Mexican-Canadian artist Rafael Lozano-Hemmer, has created exceptional urban installations that have helped transform the ways in which we interact with our cities. He uses new media technologies to work with ideas of architecture, technological theater and performance. In 1994, Lozano Hemmer coined the term “relational architecture” as an aim to transform the dominant narratives of urban settings and re-contextualize them.
In his introduction to The City as Interface, 2014, Martijn de Waal introduces the collective term “urban media”, a term used in his book for “media technologies that in one way or another can influence the experience of a physical location.” (p. 8) Media technologies have been, in fact, influencing one’s experience with physical locations and especially cities as seen through Lozano-Hemmer’s work. De Waal raises important questions in his introduction, when exploring the idea of making cities smarter and more efficient through urban media: “Will city dwellers still enter into relationships with their physical surroundings?
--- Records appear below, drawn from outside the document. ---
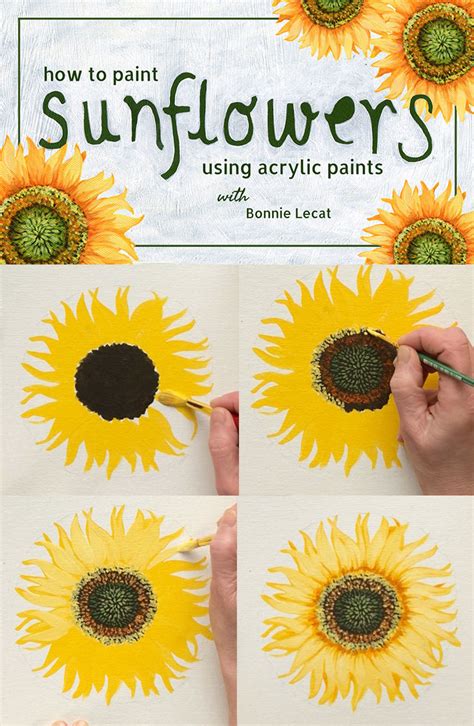 How To Paint Sunflowers Using Acrylic Paints With Bonnie Lecat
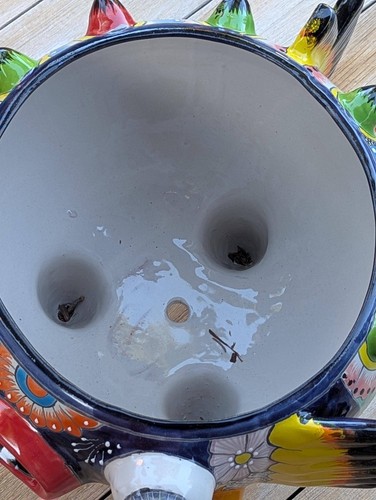 Blowfish Planter is Hand Painted Ceramic Talavera Mexican Pottery - Bild 5 von 9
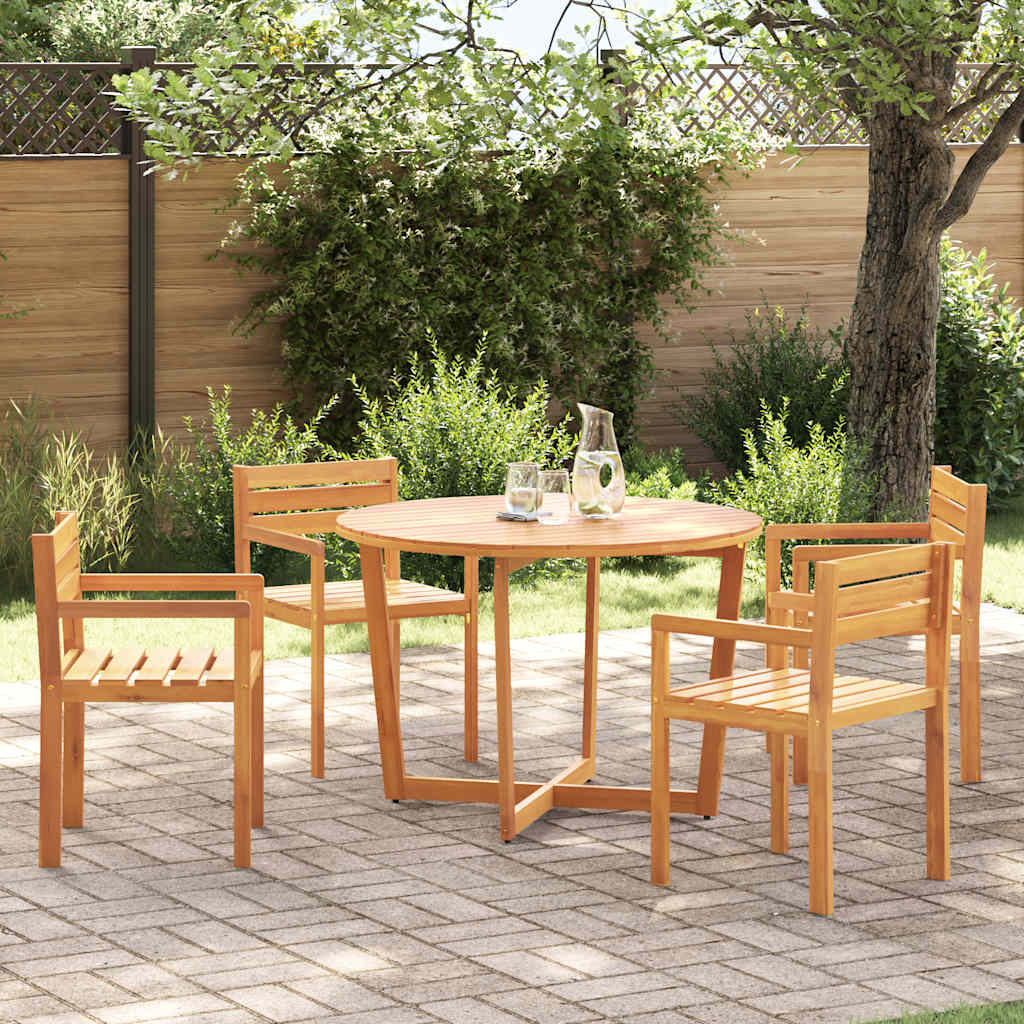 Ensemble de salle à manger de jardin 5 pcs en bois massif d'acacia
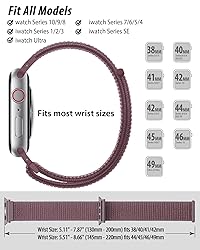 Nylon Loop Sport Band Compatible with Apple Watch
Will they still participate in community life or will they withdraw completely into the ‘cocoons’ they create with their mobile phones, thereby transforming the city into an extension of their private domains?” (p. 9) The fear of city dwellers roaming the city through the sole presence of their bodies is very prominent for architects, artists, and other dwellers concerned with the community spirit that is inherent to any city. And this is where artists like Lozano-Hemmer step in; to reconnect these city dwellers to their cities through the very use of urban media, therefore reshaping the city and one’s relationship to it, by using new media technologies as urban and ideological tools. In The City as Interface, de Waal explores the possibilities of our cities as interfaces; he explores how urban media can further the ‘libertarian’ urban society, but studies how new media can also help create a new definition of the public sphere and transform it to develop a ‘republican’ urban society into a ‘community of strangers’, but a community nevertheless. De Waal asks the question: “How does the rise of urban media change the way in which public spaces can emerge?” (p. 24) and Hemmer brings an artistic yet socially and ideologically charged solution to it. By posing the important question of agency, in the sense of who has the power and opportunity to influence the way in which the city as an interface is shaped, artists who create urban installations contribute to this ongoing quest in a meaningful and crucial way.
Rafael Lozano-Hemmer comes from a scientific background, which is extremely important knowledge when studying his installations. His scientific background has, in many ways, influenced his work and venture as an artist. His works are very interactive and heavily rely on the audience’s participation, and therefore create a shared public experience among strangers, contributing in many ways to de Waal’s analysis of the republican society.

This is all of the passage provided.